**Source data**
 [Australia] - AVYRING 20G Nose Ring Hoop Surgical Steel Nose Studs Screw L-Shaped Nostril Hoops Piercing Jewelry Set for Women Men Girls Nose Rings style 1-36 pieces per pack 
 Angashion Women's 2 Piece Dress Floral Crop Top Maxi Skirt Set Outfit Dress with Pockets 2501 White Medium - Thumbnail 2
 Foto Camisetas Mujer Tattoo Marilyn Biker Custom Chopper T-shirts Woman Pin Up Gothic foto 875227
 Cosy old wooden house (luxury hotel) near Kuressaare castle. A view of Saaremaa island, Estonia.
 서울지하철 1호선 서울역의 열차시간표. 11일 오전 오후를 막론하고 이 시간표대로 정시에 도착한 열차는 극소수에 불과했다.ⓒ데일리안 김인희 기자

--

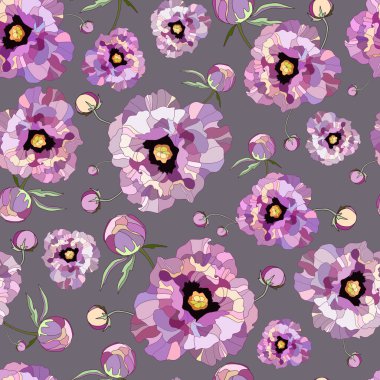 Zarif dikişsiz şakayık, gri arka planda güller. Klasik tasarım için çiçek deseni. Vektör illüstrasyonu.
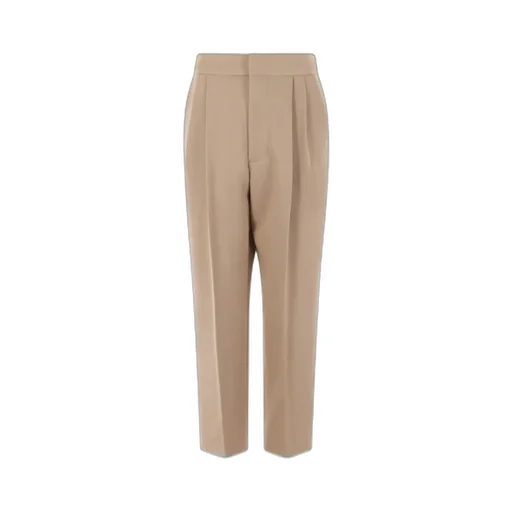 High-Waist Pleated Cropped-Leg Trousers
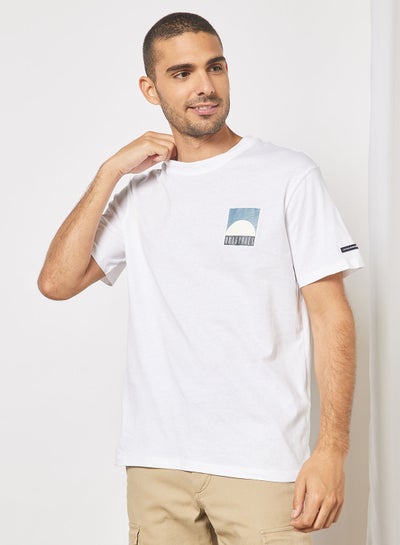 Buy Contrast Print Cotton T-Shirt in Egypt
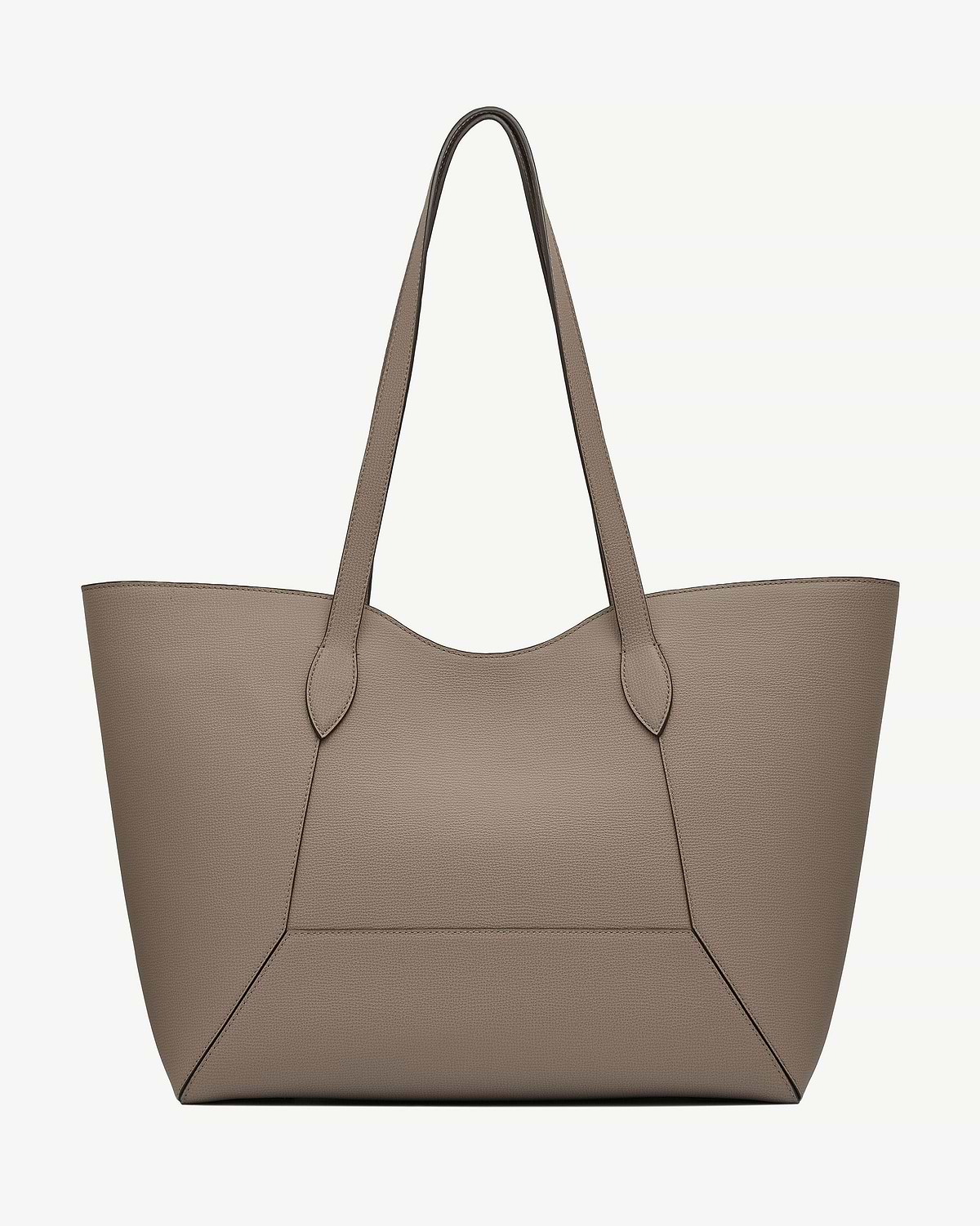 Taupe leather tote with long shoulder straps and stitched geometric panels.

**The task**
Find the line with "[Australia] - AVYRING" in the material above. Reproduce it and each line after it up to and including the line with "서울지하철 1호선 서울역의".

**Expected answer**
 [Australia] - AVYRING 20G Nose Ring Hoop Surgical Steel Nose Studs Screw L-Shaped Nostril Hoops Piercing Jewelry Set for Women Men Girls Nose Rings style 1-36 pieces per pack 
 Angashion Women's 2 Piece Dress Floral Crop Top Maxi Skirt Set Outfit Dress with Pockets 2501 White Medium - Thumbnail 2
 Foto Camisetas Mujer Tattoo Marilyn Biker Custom Chopper T-shirts Woman Pin Up Gothic foto 875227
 Cosy old wooden house (luxury hotel) near Kuressaare castle. A view of Saaremaa island, Estonia.
 서울지하철 1호선 서울역의 열차시간표. 11일 오전 오후를 막론하고 이 시간표대로 정시에 도착한 열차는 극소수에 불과했다.ⓒ데일리안 김인희 기자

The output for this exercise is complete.